What are P-notes
P-notes are derivative instruments issued by registered foreign portfolio investors to overseas investors to enable them to trade in Indian stocks without having to register with the regulator.
At present, P-note subscribers are not required to take prior permission of the P-note issuer for transferring it to another investor offshore.
This would enable the regulator to know the complete transfer trail of P-notes on a monthly basis.
Since Sebi cannot exercise direct control over the downstream purchasers and there is where this route has been mis-utilised the most, the issuer FPIs have been made more accountable in the entire issuance process. Such steps may cause some knee-jerk reaction in the markets but are likely to cleanse the system in the long run.

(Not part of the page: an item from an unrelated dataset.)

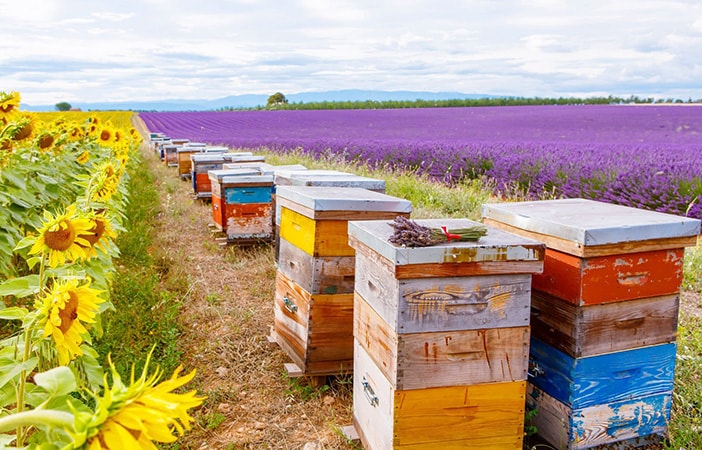 community bee garden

The proposed changes come in the wake of the concerns raised by the Supreme Court-appointed Special Investigation Team (SIT) on black money on the identification of beneficial owners and on the transferability of P-notes.

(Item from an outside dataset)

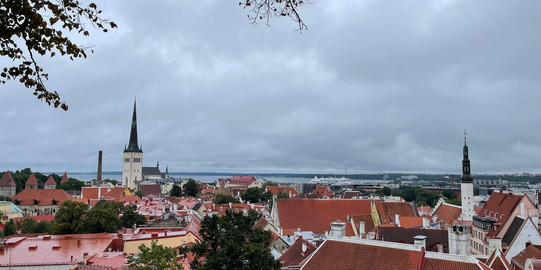 View over Tallinn's old town with red tiled roofs, historic houses and several church towers. The sea and harbour facilities can be seen in the background. The sky is cloudy, and autumnal tree branches frame the cityscape in the foreground.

The regulator has also mandated that P-note issuers would have to follow the Indian know-your client (KYC) and anti- money laundering norms instead of the norms prevalent in the jurisdiction of the end beneficial owner or of the P-note issuer, an attempt to bring uniformity in KYC norms.
P-note issuers would have to identify the beneficial owners in the subscriber entities, who hold in excess of the threshold that is 25 % in case of a company and 15 % in case of partnership firms and trusts.
The P-note route, despite having undergone a number of regulatory changes in the past decade, still did not have sufficient checks and balances on issuer FPIs, particularly with respect to downstream transfers of P-notes.
P-note issuers would have to file suspicious transaction reports with the Indian Financial Intelligence Unit on the notes issued by them.
Besides, the issuers would also have to carry out reconfirmation of the P-note position on a semi-annual basis and they would also have to carry out know-your client review at the time of on-boarding every year.